Required action: Please retype the records below exactly, leaving out any pictures.

[Short web captions]
····················

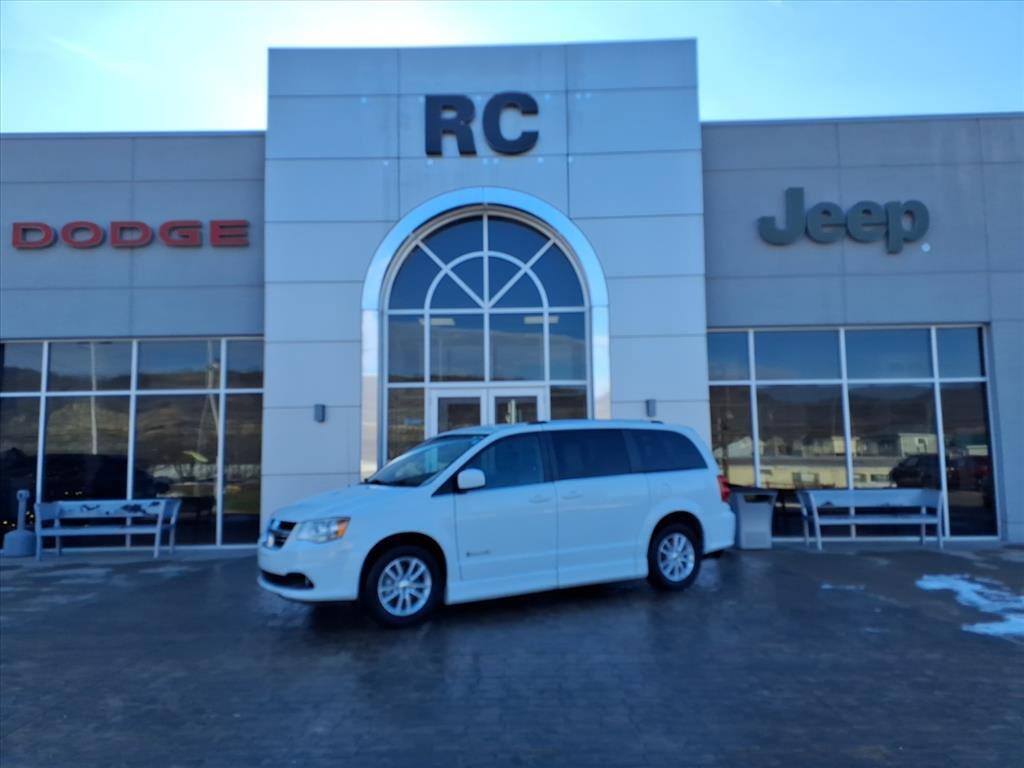 used 2018 Dodge Grand Caravan car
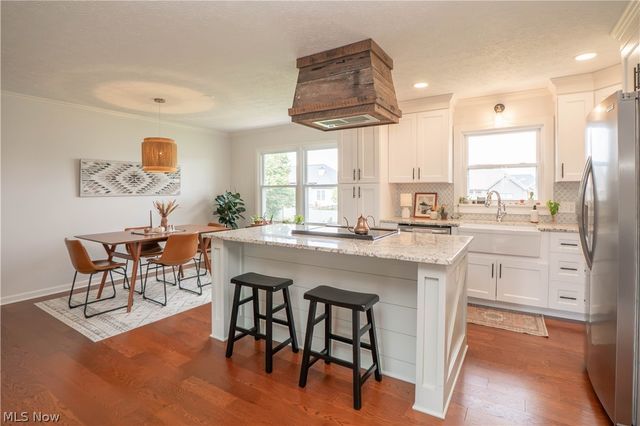 845 9th Street NE, North Canton, OH 44720
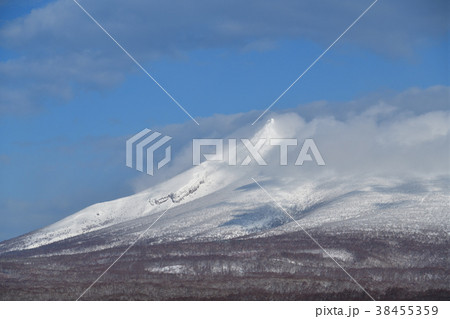 吹雪がやんで北海道駒ヶ岳の剣が峰が雲間から顔を出してきた風景を撮影 吹雪がやんで北海道駒ヶ岳の剣が峰が雲間から顔を出してきた風景を撮影 38455359
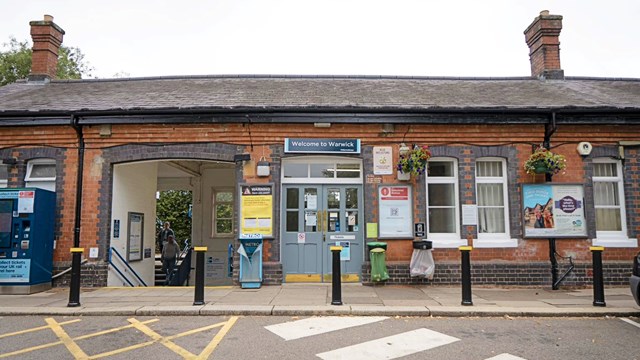 Warwick station ticket office: Warwick station ticket office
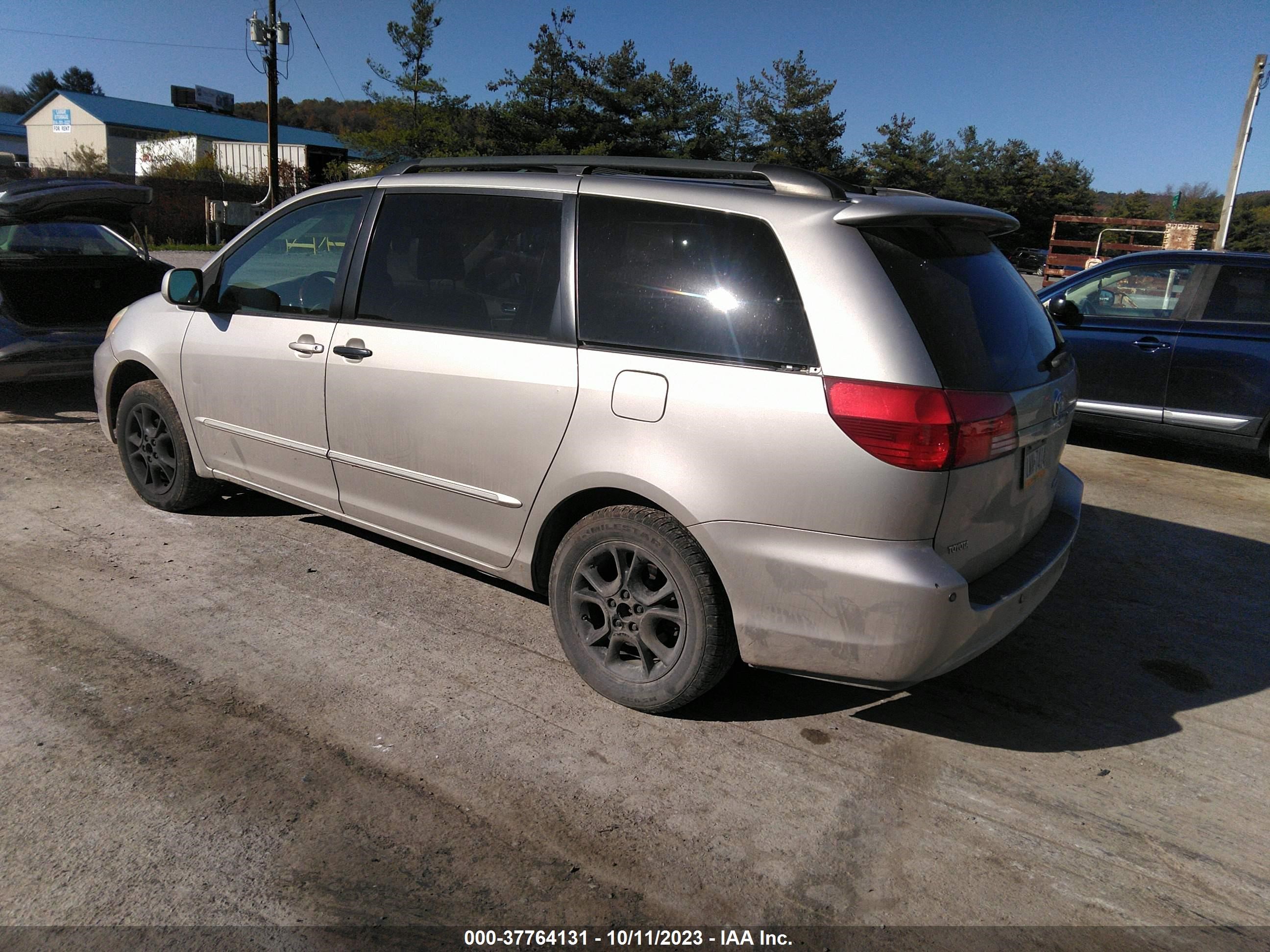 Photo 2 VIN: 5TDBA22C14S018812 - TOYOTA SIENNA 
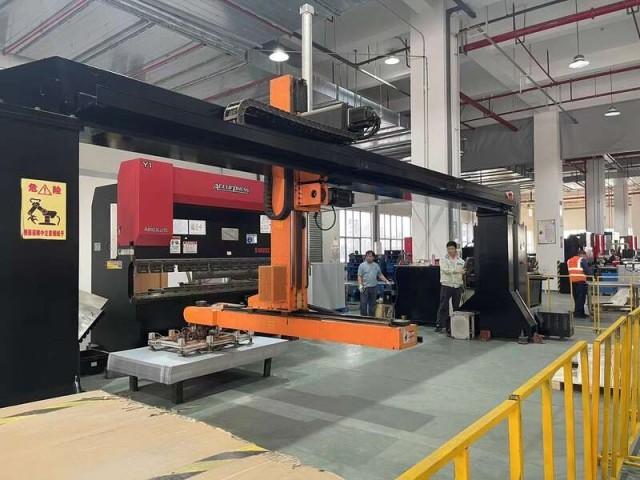 夏韵/摄耐落螺丝(昆山)有限公司总经理陈东昀表示,"昆山非常重视台商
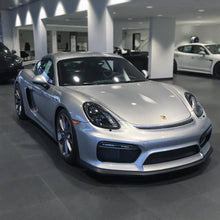 Carica l'immagine nel visualizzatore di Gallery, Paraurti Anteriore GT4 Style SK-Import Porsche 981 Con Fori Lavafari - foto 2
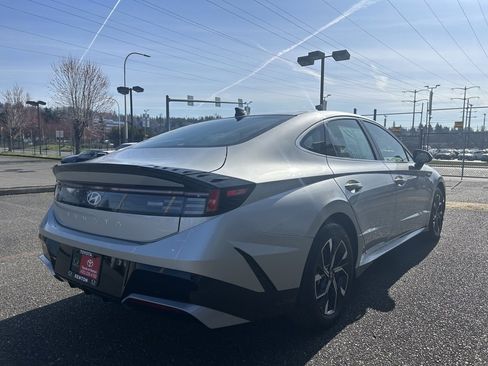 Used 2025 Hyundai Sonata SEL image 5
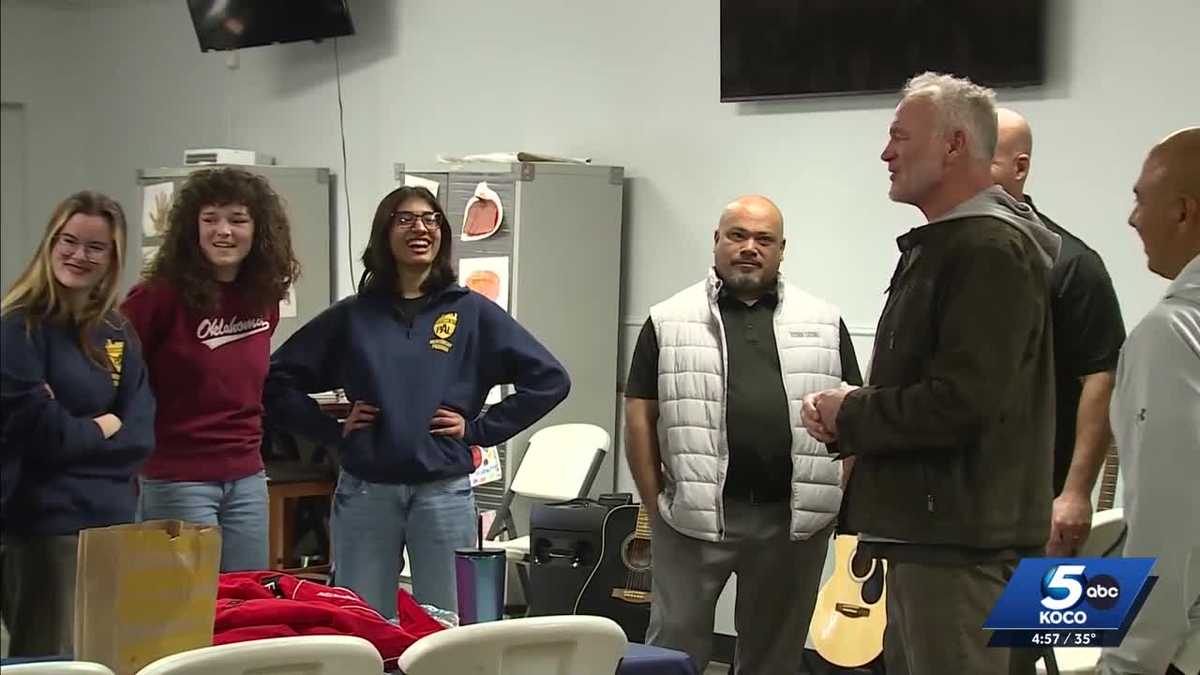 Brian Bosworth inspires youth at Oklahoma City's Police Athletic League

····················

Solution below:
 used 2018 Dodge Grand Caravan car
 845 9th Street NE, North Canton, OH 44720
 吹雪がやんで北海道駒ヶ岳の剣が峰が雲間から顔を出してきた風景を撮影 吹雪がやんで北海道駒ヶ岳の剣が峰が雲間から顔を出してきた風景を撮影 38455359
 Warwick station ticket office: Warwick station ticket office
 Photo 2 VIN: 5TDBA22C14S018812 - TOYOTA SIENNA 
 夏韵/摄耐落螺丝(昆山)有限公司总经理陈东昀表示,"昆山非常重视台商
 Carica l'immagine nel visualizzatore di Gallery, Paraurti Anteriore GT4 Style SK-Import Porsche 981 Con Fori Lavafari - foto 2
 Used 2025 Hyundai Sonata SEL image 5
 Brian Bosworth inspires youth at Oklahoma City's Police Athletic League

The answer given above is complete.